Twenty years on, organizers, attendees, and musicians look back at "Three Days of Peace, Love and Jukes"
By Mike Saunders - March 2, 2021

"Let's be honest, how many folks really thought Southside wouldn't at one point go off the rails in some grand fashion, with a long weekend of peace, love, music, and trivia in the tight confines of a low-ceilinged Holiday Inn ballroom, just off the Garden State Parkway? He absolutely loved it. Who knew? Literally and metaphorically, The Man is incapable of following the setlist." — JEFF KAZEE

Exactly two decades ago, 300 dedicated fans flocked to the Holiday Inn in Tinton Falls, New Jersey, to attend Jukestock, the world's first (and so far only) fan-organized Southside Johnny and the Asbury Jukes convention. This unique event took place over the weekend of March 2 - 4, 2001 and featured an epic-length performance by Southside and his band as well as other sets by Jukes keyboard player Jeff Kazee's occasional outfit Professor Crewcut, the Bobby Bandiera Band, the Mark Pender Band, and a much-expanded, horn-dominated La Bamba and the Hubcaps.

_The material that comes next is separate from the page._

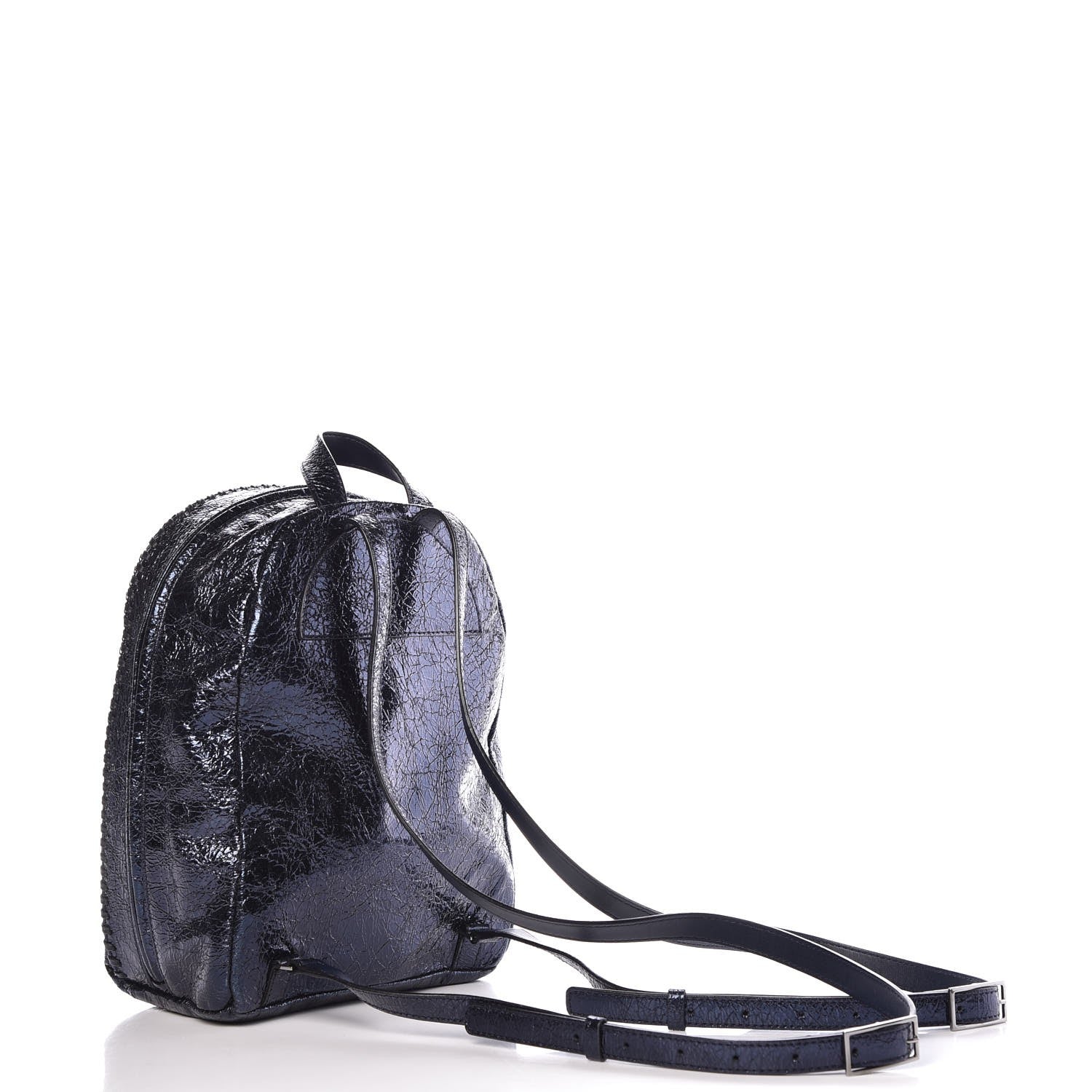 Stella McCartney Metallic Crackle Mini Falabella Backpack Blue 3 of 7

The catalyst for this weekend of music and mayhem was the wedding of Stan and Kim Lisowski in August 2000. Stan asked Kim to marry him at the Jukes' 1999 New Year's Eve show, and they booked The Hubcaps to play their reception. Guests Maggie Powell (a Scot resident in Germany) and Jane McCreery (a corporate events organizer from Pittsburgh) were sufficiently impressed by the show to join forces with Debbie May (from Massachusetts) and dream up a supersized, weekend-long version of the wedding reception, a private party for subscribers to Debbie's Southside Digest Internet newsgroup. Over the next six months, with the involvement of the Jukes management, and almost entirely by e-mail, this determined trio transformed a written proposal into a spectacular sold-out event.

Right: Stan Lisowski and Debbie May - photograph by Mike Saunders

"Seems like forever ago and yesterday at the same time," said Debbie recently. "Jane and Maggie did the legwork with the venue. I worked with Southside's manager, Bill Durborow. I remember being anxious for the e-mail entries to arrive. Would people really pay for this weekend? Yes they would!"

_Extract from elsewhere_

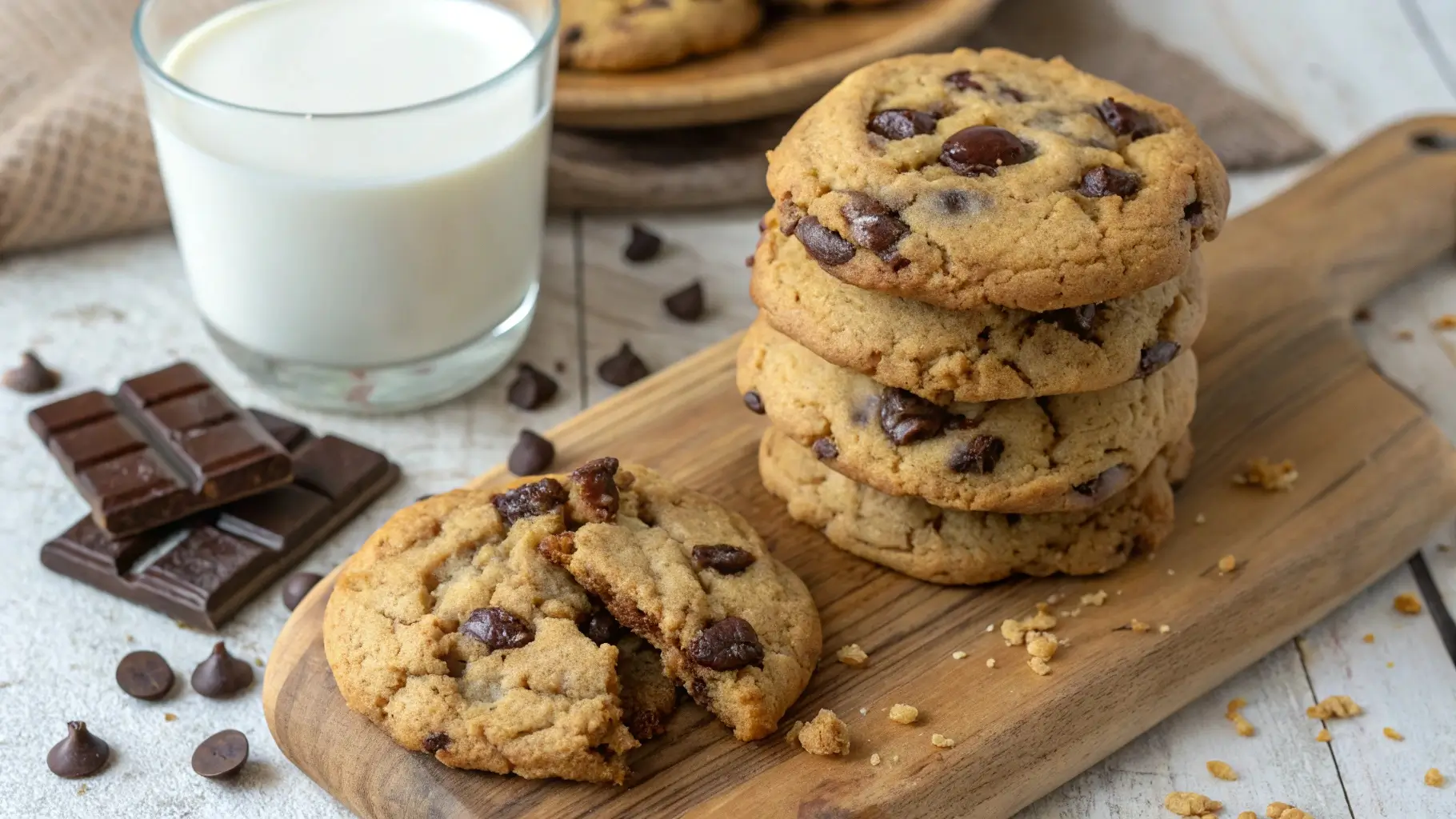Crumbl Cookie Recipe: The Ultimate Guide to Perfect Copycat Cookies at Home 5 Stack of gooey chocolate chip cookies on a wooden board with milk, showcasing a homemade Crumbl cookie recipe.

Stan Lisowski added that it was "humbling and heartwarming to think when Kim and I got married, the shindig that we had would inspire some crafty, creative, and crazy-driven ladies to throw a big-ass bash, and be a weekend that we are still talking about 20 years later".

"Jukestock was about Jukes fans putting on a show the best way they could with the resources they had available. Maggie, Debbie, and Jane did an incredible job. I realized on that very special weekend that our hard work in the early days playing every club, college, and small theatre in the U.S.A., U.K., and Europe created a very special sort of lifelong Jukes fan, that would support, promote, and keep us working for years to come. One of the greatest fans we ever had was a member of our crew. I remember Hood fondly as being instrumental in making Jukestock a huge success. His friendships with the fans along the way made this great event possible." — EDDIE MANION

Apart from over ten hours of live music, Jukestock also featured a packed program of events, prominent among which was a three-hour meet-and-greet photo opportunity with Southside and the Jukes on the Saturday morning. There were also memorabilia displays from the legendary Hood and one-time co-curator of the Asbury Park Rock 'n' Roll Museum Billy Smith, plus video footage from Sam Missimer, a presentation by Bob Crane of the Save Tillie campaign, and Jukes and Asbury Park merchandise from Rock Dreams and Cleopatra Steps Out, respectively.

"Jukestock was a lot of fun. That's where I released my new CD, Family Tree, featuring Gary U.S. Bonds on vocal on the title track." — JOEY STANN

"It was nice to see how avid and committed the fans were, although a bit scary! A good time had by all!" — BOBBY BANDIERA

Southside Johnny and Bobby Bandiera share a moment of peace, love, and Jukes (with a dash of La Bamba) - Photograph by Rene van Diemen

The weekend also featured the debut of my Asbury Jukes Family Tree (with an eight-page explanatory booklet) in its most professional presentation yet, thanks to Maggie (who asked, "Why don't you do it as a poster?") and my friend Dave Percival (who took care of printing and suggested, "It'll look good in blue"). It was a project I'd been researching for more than 12 years, an attempt to chronicle the numerous line-up changes that had taken place since the Jukes made their debut in 1975. Our table was located next to Southside's, and he walked over at one point and signed a copy of the poster for me: "To Mike. Stop, already!"

"It was a very well organized event," said journalist Stan Goldstein. "Southside signed autographs for two hours. I was fortunate to help him out at his table as he signed everyone's albums, CDs, and photos. I loved hearing the conversations between him and his fans."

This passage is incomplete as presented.